Monday, March 16, 2009

An Italian Fling

So I’m sitting in my office the other day, generally depressed about the depression, when my phone rings and (trumpets sound) a new case lands on my desk.

Now, I love the thrill of a new case. It’s like a new love (as best I can remember from way back when). Everything is new, and bright and interesting. And get this: this one was Italian. Actually, an Italian copyright case, to be exact.

Seems that my client – located in Italy -- had been accused by an American company of hacking into the Yank’s computer (located in the U.S.), and then copying software code (from Italy) that is covered by a valid, U.S. Copyright registration. And, of course, the U.S. company was threatening a parade of nasties all covered by the U.S. Copyright Act.

But that really begs the question, doesn’t it: if this was infringement, is it governed by the U.S. Copyright Act? Or is this a dispute that would have to be litigated in Italy?

In general, “United States copyright laws do not have extraterritorial effect, and therefore, infringing actions that take place entirely outside the United States are not actionable.” Subafilms, Ltd. v. MGM-Pathe Comm’ns Co., 24 F.3d 1088, 1091 (9th Cir. 1994) (en banc); Peter Starr Prod. Co. v. Twin Continental Films, Inc., 783 F.2d 1440, 1442-1443 (9th Cir. 1986). In other words, even if the plaintiff is a U.S. based company, and the method of copyright violation occurs by internet connection (as would have been the case if my clients had infringed as alleged), “[a]t least one alleged infringement must be completed entirely within the United States.” Allarcom Pay Television, Ltd. v. Gen. Instrument Corp., 69 F.3d 381, 387 (9th Cir. 1995); see also Danjac, LLC v. Sony Corp., 1998 U.S. Dist. LEXIS 22231, at *22 (C.D. Cal. 1998) (scope of injunction limited to domestic activities).

In Allarcom, the plaintiff was the authorized Canadian distributor of certain television and movie rights, while defendant, Showtime, had U.S. rights to some of the same material. 69 F.3d at 383-384. Co-defendant, General Instrument, manufactured a descrambling device that allowed unauthorized users to receive protected television signals from companies such as Showtime (e.g. they received the content for free by stealing it with the use of the descrambling device). The plaintiff sued for copyright infringement, filing its claim in a U.S. district court. The court held that the Copyright Act did not apply to infringement at issue, as it had occurred in Canada. Id. at 387. Specifically, the court held that although the signal was from the United States, it had been received and decoded in Canada, and thus “the potential infringement was only completed in Canada once the signal was received and viewed.” Id.
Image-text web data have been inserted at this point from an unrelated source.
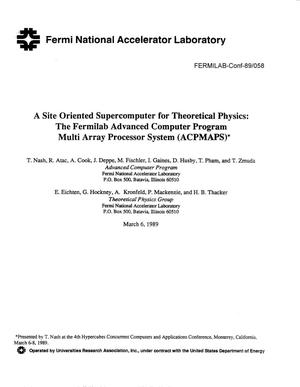 A site oriented supercomputer for theoretical physics: The Fermilab Advanced Computer Program Multi Array Processor System (ACMAPS)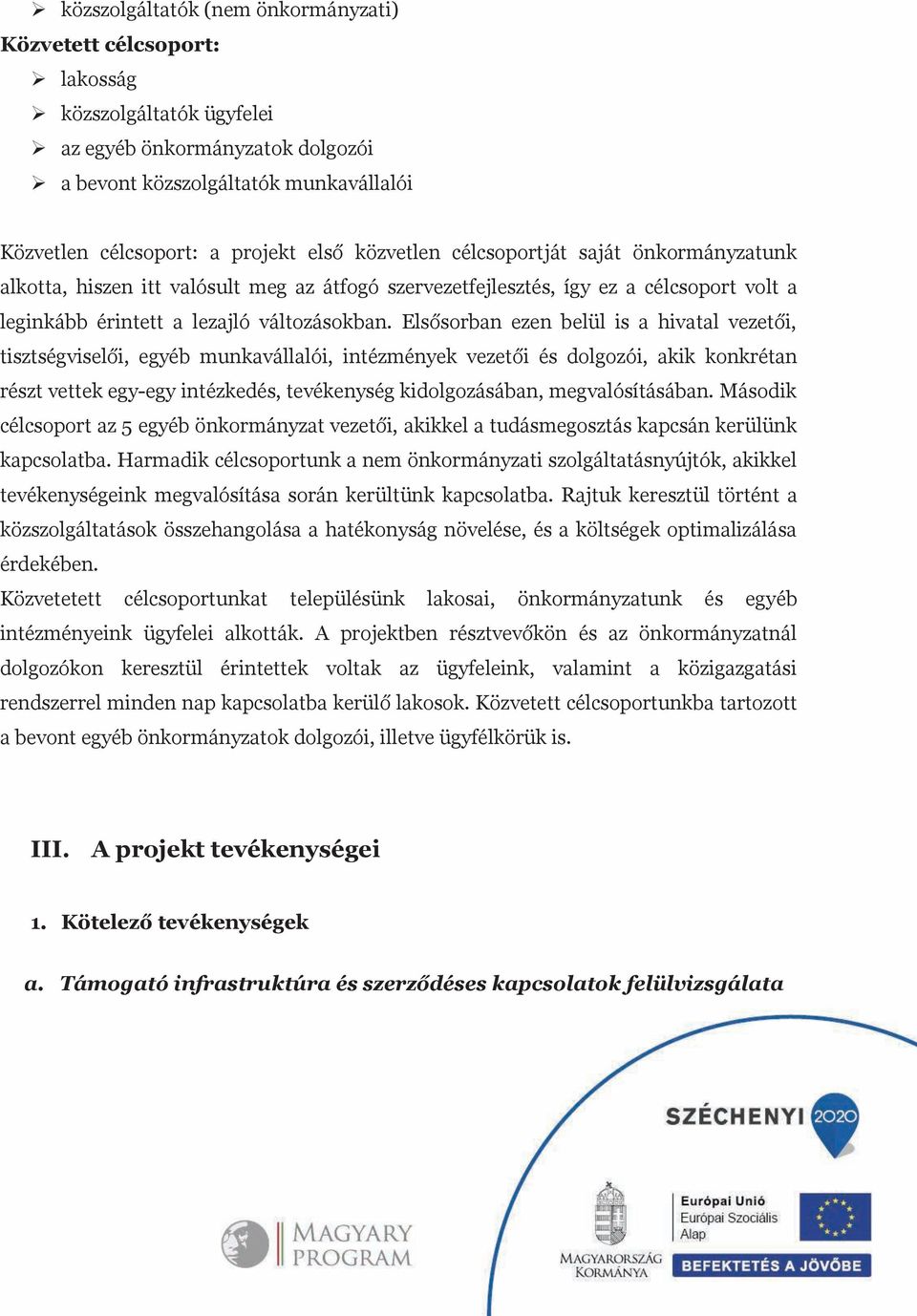 Elsősorban ezen belül is a hiatal ezetői, tisztségiselői, egyéb munkaállalói, intézmények ezetői és dolgozói, akik konkrétan részt ettek egy-egy intézkedés, teékenység kidolgozásában, megalósításában.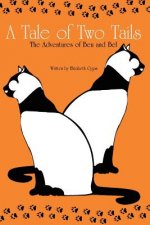 A Tale of Two Tails: The Adventures of Ben and Bel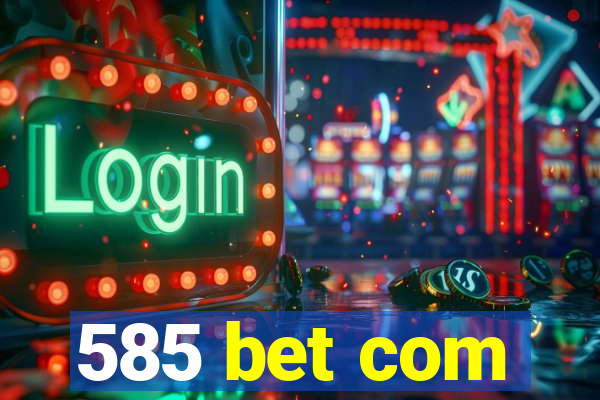 585 bet com
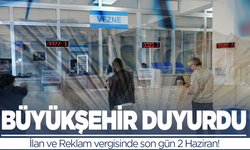 Büyükşehir Belediyesi duyurdu: İlan ve Reklam vergisinde son gün 2 Haziran!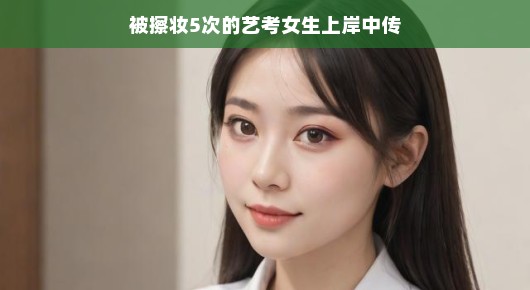 轻松上岸中传，被擦妆5次的艺考女生的逆袭之旅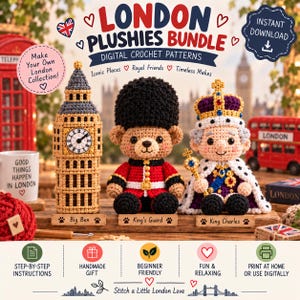 May include: A digital crochet pattern bundle titled London Plushies Bundle featuring three crocheted figures: a tan and grey Big Ben clock tower, a brown bear King's Guard in a red uniform, and a King Charles figure with a crown and royal robes.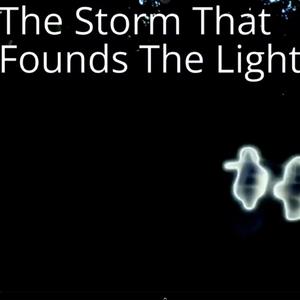 The Storm That Founds The Light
So bringing this back to my case, these facts will weigh heavily when negotiating a settlement. That is, while the plaintiff has asked for a boatload of money, I’ve pointed out that if she wants to litigate this case, she’d better brush up on her Italian (where, by the way, the penalties for alleged infringement are not as steep as they are in the U.S.). I’ll let you know haw this goes.